The line with "Synthesizer-Tastatur" marks where to begin. Please copy it and each line after it to the end of the records below, exactly.

<<<<

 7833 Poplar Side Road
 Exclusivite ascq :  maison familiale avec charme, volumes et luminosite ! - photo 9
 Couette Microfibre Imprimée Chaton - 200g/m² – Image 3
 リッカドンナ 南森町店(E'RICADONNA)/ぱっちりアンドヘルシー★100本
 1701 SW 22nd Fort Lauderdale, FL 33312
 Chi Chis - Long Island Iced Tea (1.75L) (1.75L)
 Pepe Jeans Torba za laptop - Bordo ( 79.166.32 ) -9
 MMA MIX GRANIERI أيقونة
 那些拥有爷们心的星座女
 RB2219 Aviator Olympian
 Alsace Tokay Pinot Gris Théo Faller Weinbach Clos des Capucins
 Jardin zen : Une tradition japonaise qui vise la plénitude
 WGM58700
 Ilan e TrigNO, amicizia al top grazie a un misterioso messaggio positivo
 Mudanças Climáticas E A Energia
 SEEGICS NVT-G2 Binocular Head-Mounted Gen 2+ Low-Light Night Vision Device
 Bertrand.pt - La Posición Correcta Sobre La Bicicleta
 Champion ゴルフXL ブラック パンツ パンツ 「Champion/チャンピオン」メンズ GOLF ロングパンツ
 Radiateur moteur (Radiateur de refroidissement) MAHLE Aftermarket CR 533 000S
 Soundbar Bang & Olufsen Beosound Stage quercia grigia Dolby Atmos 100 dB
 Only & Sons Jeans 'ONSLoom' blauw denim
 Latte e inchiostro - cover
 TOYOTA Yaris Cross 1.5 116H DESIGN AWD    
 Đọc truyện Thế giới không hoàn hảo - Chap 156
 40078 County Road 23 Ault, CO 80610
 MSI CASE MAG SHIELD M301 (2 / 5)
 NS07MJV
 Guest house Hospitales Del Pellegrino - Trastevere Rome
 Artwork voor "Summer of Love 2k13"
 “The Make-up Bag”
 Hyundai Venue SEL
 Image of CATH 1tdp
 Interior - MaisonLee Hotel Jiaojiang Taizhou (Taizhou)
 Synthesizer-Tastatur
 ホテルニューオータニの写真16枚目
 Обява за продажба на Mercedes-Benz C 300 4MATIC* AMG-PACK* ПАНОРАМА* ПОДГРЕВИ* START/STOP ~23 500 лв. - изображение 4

>>>>

■ RESULT BELOW
 Synthesizer-Tastatur
 ホテルニューオータニの写真16枚目
 Обява за продажба на Mercedes-Benz C 300 4MATIC* AMG-PACK* ПАНОРАМА* ПОДГРЕВИ* START/STOP ~23 500 лв. - изображение 4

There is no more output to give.